“WHERE’S the fantastic pop song about Putin?” Pet Shop Boy Neil Tennant asked at the end of This Cultural Life (Radio 4) last Saturday. “It’s as though it’s not the concern of pop music,” he continued. “Well, I think it is the concern of pop music.”

That’s the next Pet Shop Boys single sorted, presumably.

Tennant was the latest guest on John Wilson’s show and as ever he was an erudite and entertaining one, even when he was having a go at the state of contemporary pop.

Most of what he and Wilson discussed Tennant has talked about a million times before. But he never sounds weary about it. It’s as if he’s still amused by his own story. What a lovely thing to be able to say.

And there were novel, intriguing things here, too. He talked about Bowie as a conduit to his sexuality and explained that West End Girls had been written as a rap originally. He then recited the lyrics as if he came from New York rather than Newcastle. In a parallel universe the Pet Shop Boys are a one-hit wonder remembered mostly for Tennant’s dubious American accent.

Back in the 1980s, Tennant was one of my own holy trinity of English Catholic lyricists (we are always attracted to the other, aren’t we?), along with Paddy McAloon and he whose name is persona non grata these days, but begins Steven Patrick ...

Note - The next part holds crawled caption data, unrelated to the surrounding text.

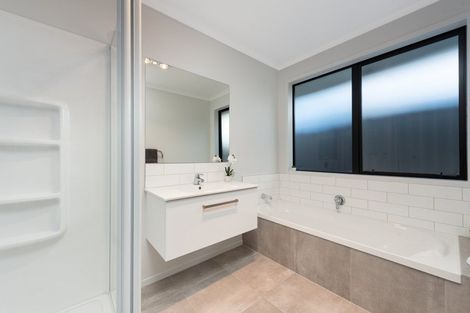 Photo of property in 16 Waghorn Street, Pyes Pa, Tauranga, 3112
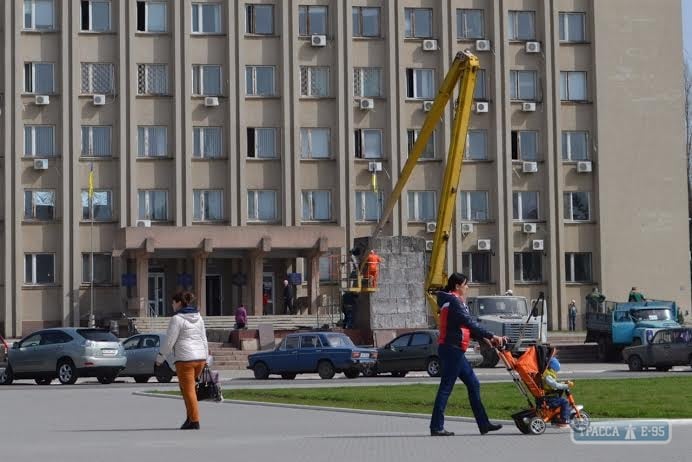 На месте памятника Ленина в Измаиле разобьют клумбу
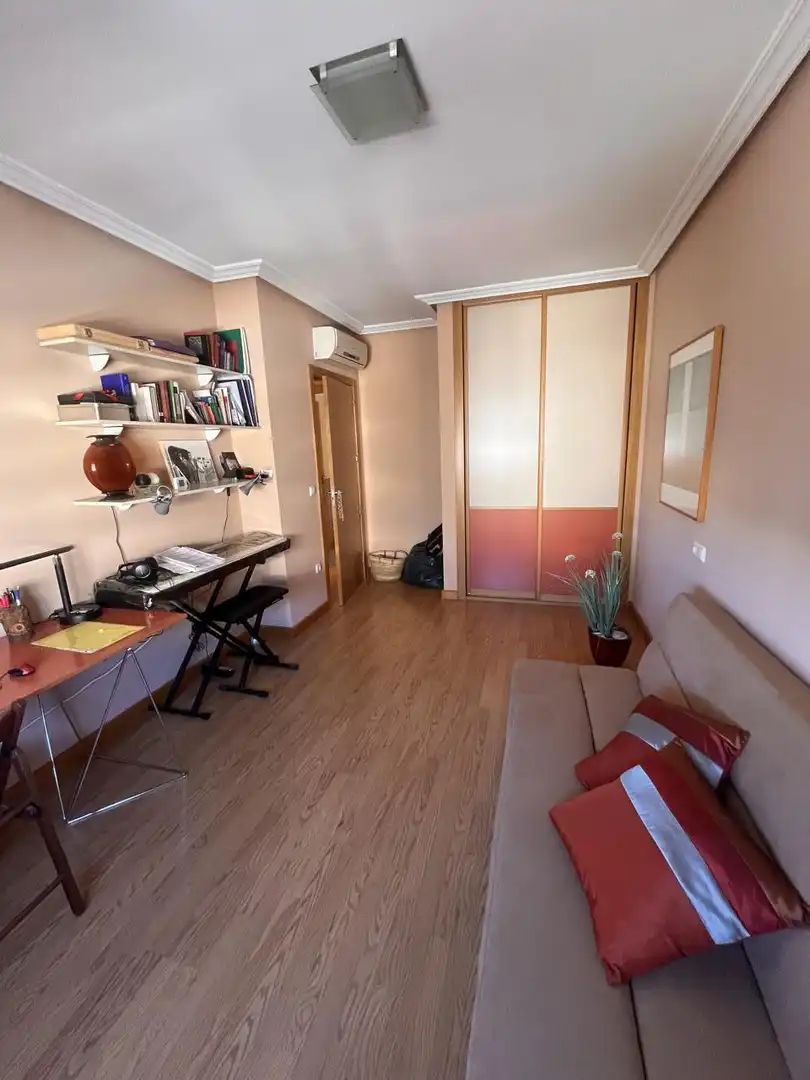 Sala de estar de Piso en venta en Plasencia con Aire acondicionado, Terraza y Amueblado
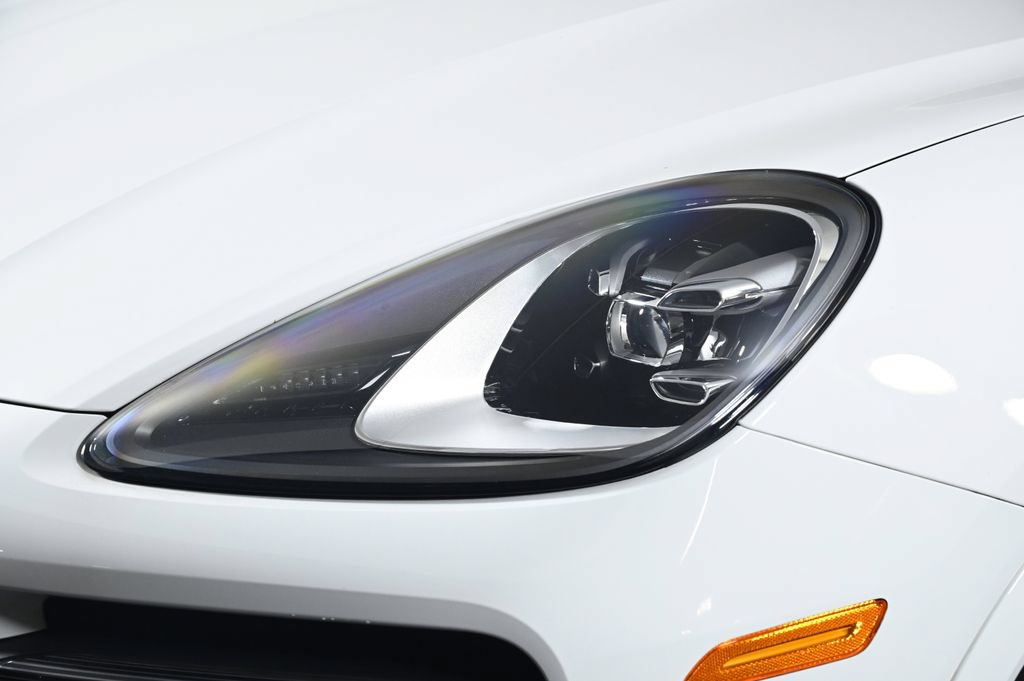 Certified 2023 Porsche Cayenne AWD/4WD image 23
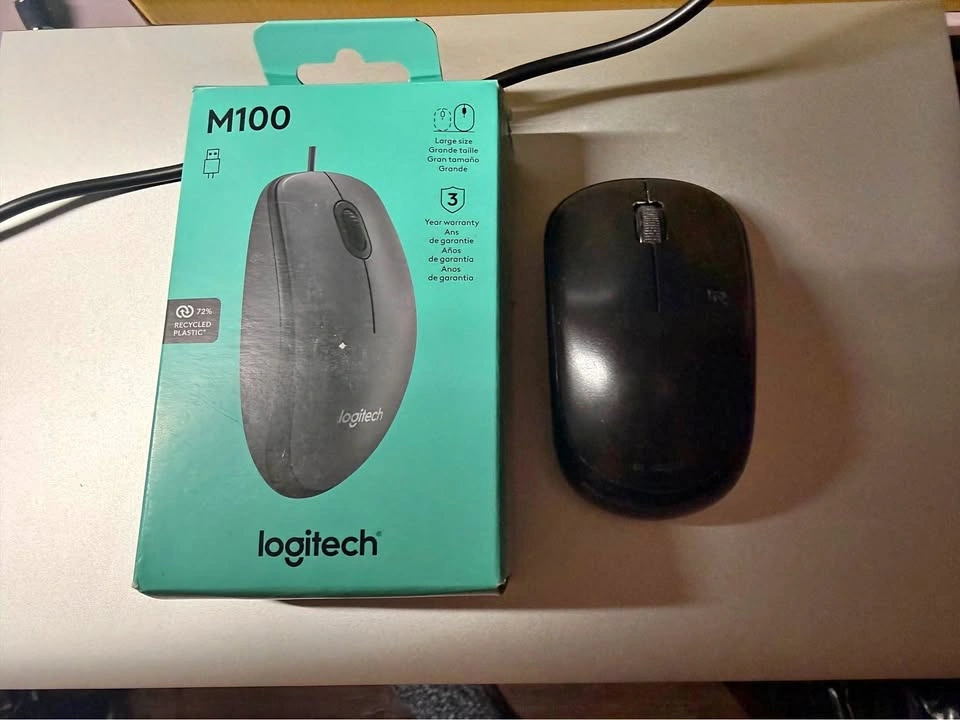 Logitech Wired & Elecom Wireless Mouse Set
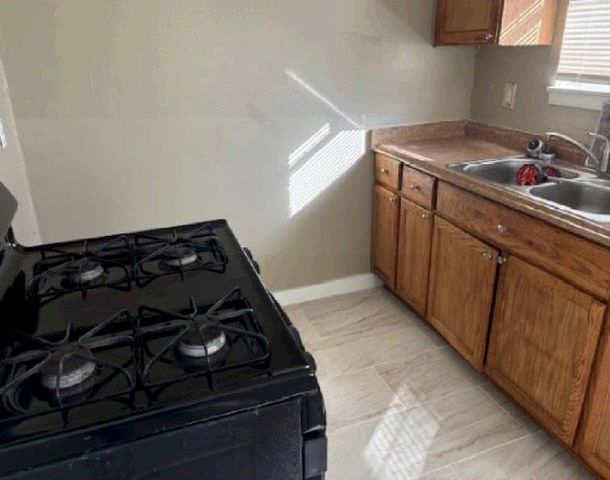 8219 Corinth Street, Houston, TX 77051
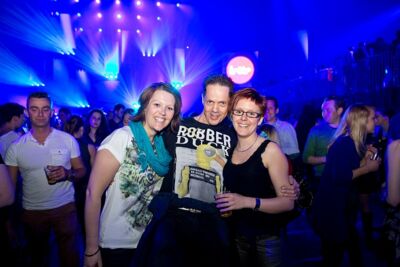 MNM Back to the 90's & 00's @ Sportpaleis, picture 5, photographed by Marc Verdonck - FrontView Magazine
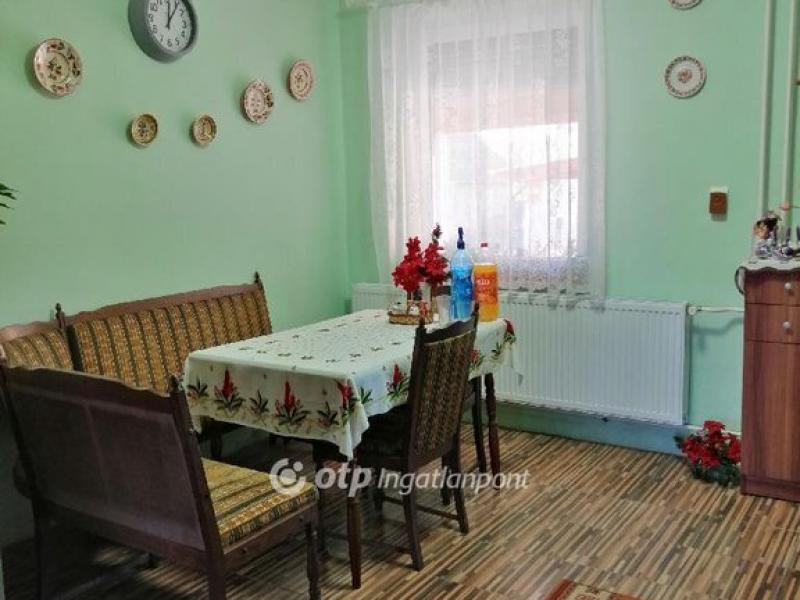 Eladó családi ház Felsőszentmárton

All of them were immersed in pop music and its possibilities. And all of them had a hinterland. Tennant was a student of pop, but he was also a student of literature. He was as interested in Evelyn Waugh and TS Eliot as he was in Grandmaster Flash. He outlined to Wilson the influence of Eliot’s The Wasteland on the lyrical voice of West End Girls.

As for contemporary pop, Tennant admitted that he found it a bit too narcissistic for his own tastes. “Sometimes I wish there was more art in it.”

The Pet Shop Boys called their second greatest hits collection “PopArt”. A perfect summation of what they offered.

Meanwhile, in another corner of the musical universe over on 6 Music on Sunday lunchtime, Mercury Prize winner Arlo Parks has a new show entitled Dream Fuel which is a mixture of chat and laidback music.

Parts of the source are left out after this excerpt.